Megasonic energy is applied to the liquid during rinsing as soon as the transducer assembly 24 is covered. The rinse water is allowed to overflow the top of the tank for about three seconds and then the liquid is dumped to drain. That rinsing step is then repeated as necessary for a particular operation. Four rinse and dump cycles are shown on the timing diagram and have been found necessary in initial testing employing a cassette holding the wafers. In some situations such as with no cassette, as shown in FIG. 1, fewer quick dump and rinse cycles may be satisfactory. Also, a smaller tank may be utilized without a cassette, and that, in turn, would slightly reduce the cycle times.

The rinse sequence is very fast (20 seconds for each fill) inasmuch as the high flow cold DI water, a quick fill of fine manifold flush, and the spray are functioning. Thus, DI water is flowing at a rate of approximately 48 liters per minute, and a 16-liter tank is quickly filled to a level to cover the wafers in approximately 20 seconds. The actual time is dependent on water pressure which varies considerably. Much less water is used than that in conventional rinsing, since only 3-5 seconds of overflow is used as compared to other systems, wherein water flows through the system for a much longer period of time. Deionized water is sprayed on the wafers by means of spray nozzles to prevent contaminants from settling on the wafer while deionized water is being introduced from below. The spray preferably provides relatively large droplets as opposed to mist. This is important to reduce the potential of electrostatic discharge associated with high resistivity (18.2 megohm cm.sup.-1) DI water spray systems.
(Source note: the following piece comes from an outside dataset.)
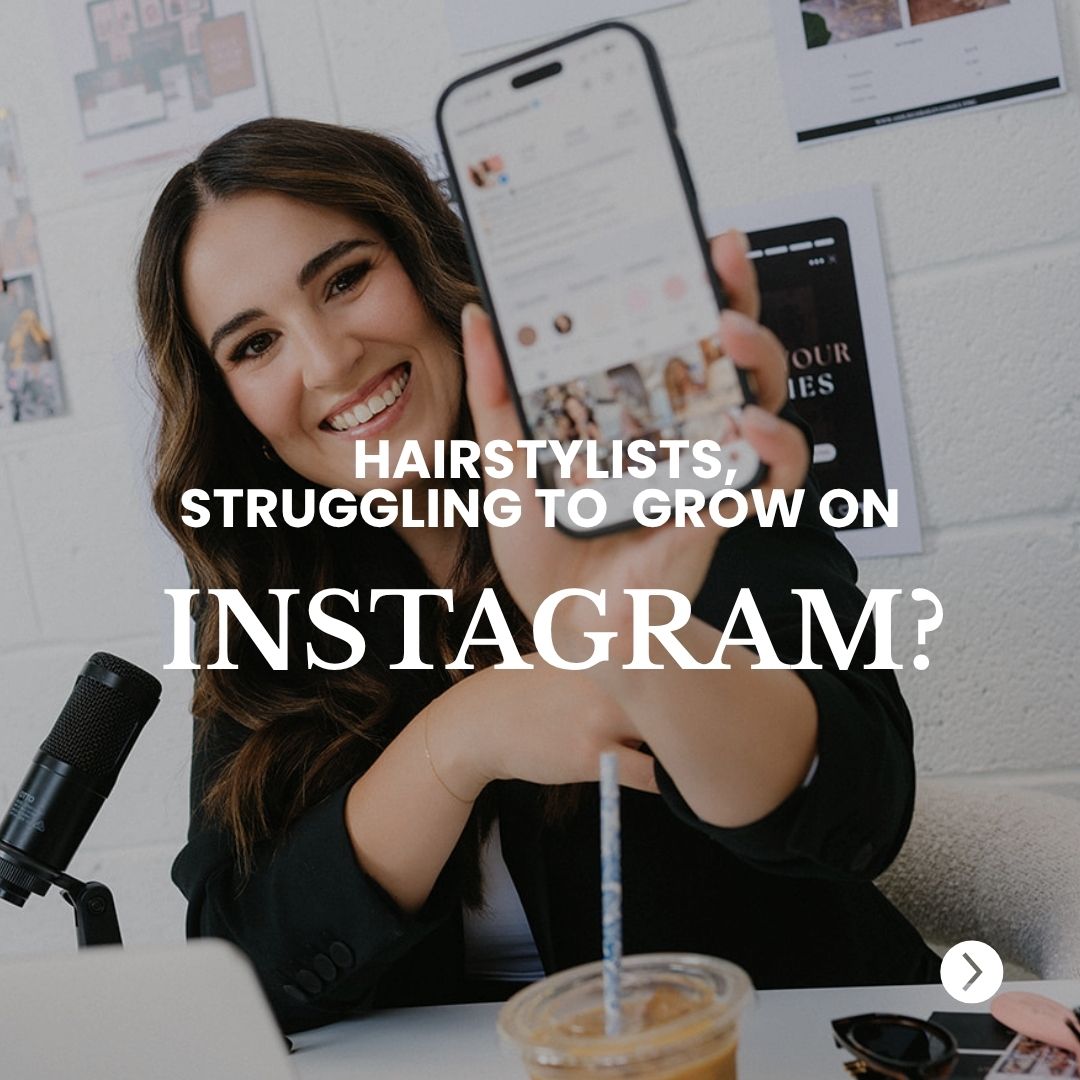 Ashleigh Bailey Consulting Facebook ad: Unlock a thriving hair business in 2025!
During rinsing, the manifold 20 is flushed with cold DI water to eliminate traces of the chemical that were added. This is injected through line 51 of FIG. 3 and is shown on the "Manifold Flushed" line of FIG. 4.

Vc2 Cycle

At the completion of the Vc1 cycle, it is usually desirable to subject the wafers to DHF in the Vc2 cycle. Because under current environmental controls a DHF solution cannot be simply dumped directly to a conventional drain, it is most practical to filter, store and reuse the solution. This is especially true for more concentrated DHF mixtures such as 30:1 or 50:1. The wafers may be subjected to the solutions in several different ways. The wafers may be transferred from the tank 10 to an adjacent tank (not shown) containing the desired DHF solution, and then returned to the tank 10 for rinsing. This is necessary if >100 .ANG..degree. of oxide are to be removed. More concentrate DHF may be required to reduce the etch time.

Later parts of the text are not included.